Aria tesa anche nel padiglione 22 del tribunale, dove dinnanzi a 78 buste probatorie fornite dagli inquirenti, è iniziato il processo con la richiesta della procura di un provvedimento di sequestro conservativo per gli imputati che arriva a toccare cifre mostruose, che prevedono il congelamento di 32 milioni a Muscat, Mizzi e Schembri, ed altri ai restanti imputati e aziende sotto indagine.
Un’istanza al centro di lunghe discussioni tra il procuratore generale e i legali difensori, che hanno chiesto in anticipo di poter visionare le prove raccolte per giustificare la sanguinosa entità delle cifre alle quali apporre i sigilli, lontane per la difesa da quelle contestate dalle carte, ma che secondo lo stesso procuratore sono indicate nelle 100 pagine conclusive del rapporto d’inchiesta in cui si indicano i proventi degli illeciti. La seduta è poi ripresa con il magistrato che ha respinto le richieste avanzante dalla difesa, dichiarando che non spetta al tribunale determinare il valore degli importi soggetti a congelamento.
Solo nel tardo pomeriggio, dopo quattro estenuanti ore di dibattito sull’ordine di sequestro conservativo, è salito sul banco a deporre il primo testimone, il Tax commissioner Joseph Caruana, il quale ha confermato di aver richiesto, invano, l’intervento delle autorità per indagare su Christopher Spiteri. Successivamente è stato il turno del sovrintendente dell’unità per i crimini economici dell’Asset Recovery Bureau, Rennie Stivala, e dell’ex ispettore Anthony Scerri, entrambi chiamati a deporre sui dispositivi elettronici sequestrati nel 2020 e delle perquisizioni effettuate nelle abitazioni di David Meli, Pierre Sladden e Mario Gatt, negando l’esistenza di un’indagine parallela a quella magistrale condotta dalla polizia.
Durante il controinterrogatorio, lo stesso Scerri ha confermato la presenza di un «perito irlandese» insieme ad altri quattro esperti nominati dal tribunale durante le perquisizioni, in particolare quella all’abitazione di Joseph Muscat, rinviata a seguito di una fuga di notizie uscita nei giorni precedenti su diversi media maltesi.
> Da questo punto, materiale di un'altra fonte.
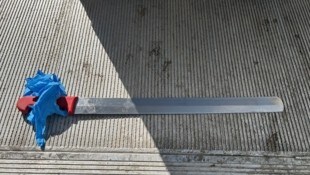 Das Messer soll vorher zum Schneiden von Melonen benutzt worden sein.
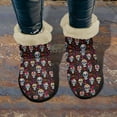thumbnail image 2 of Whosucclay Flannel Women Winter Snow Boots Ladies Warm Fur Lined Ankle Booties Outdoor Water Resistant Furry Shoes, 2 of 6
In quell’occasione, conferma Scerri, gli ispettori erano alla ricerca di un contratto che è stato consegnato alle autorità direttamente dall’ex Primo Ministro.
La seduta si è conclusa in serata con l’appello del magistrato rivolto agli imputati e ai loro legali, affinchè mantengano il silenzio stampa su quanto emerso in tribunale, evitino di parlare con la stampa e non divulghino anche a mezzo social qualsiasi testimonianza, prova o quant’altro possa non garantire l’equità del processo, anche «alla luce di alcune dichiarazioni che non hanno giovato al processo penale e che si adattano meglio a una serie TV o Netflix», con un chiaro riferimento alle recenti esternazioni rilasciate da Muscat, Mizzi e Spiteri.
Una richiesta fortemente contestata dagli avvocati difensori che hanno parlato di violazione della libertà di espressione dei propri assistiti, ma tant’è. Tutti e 23 gli imputati, aziende comprese, si sono dichiarati non colpevoli.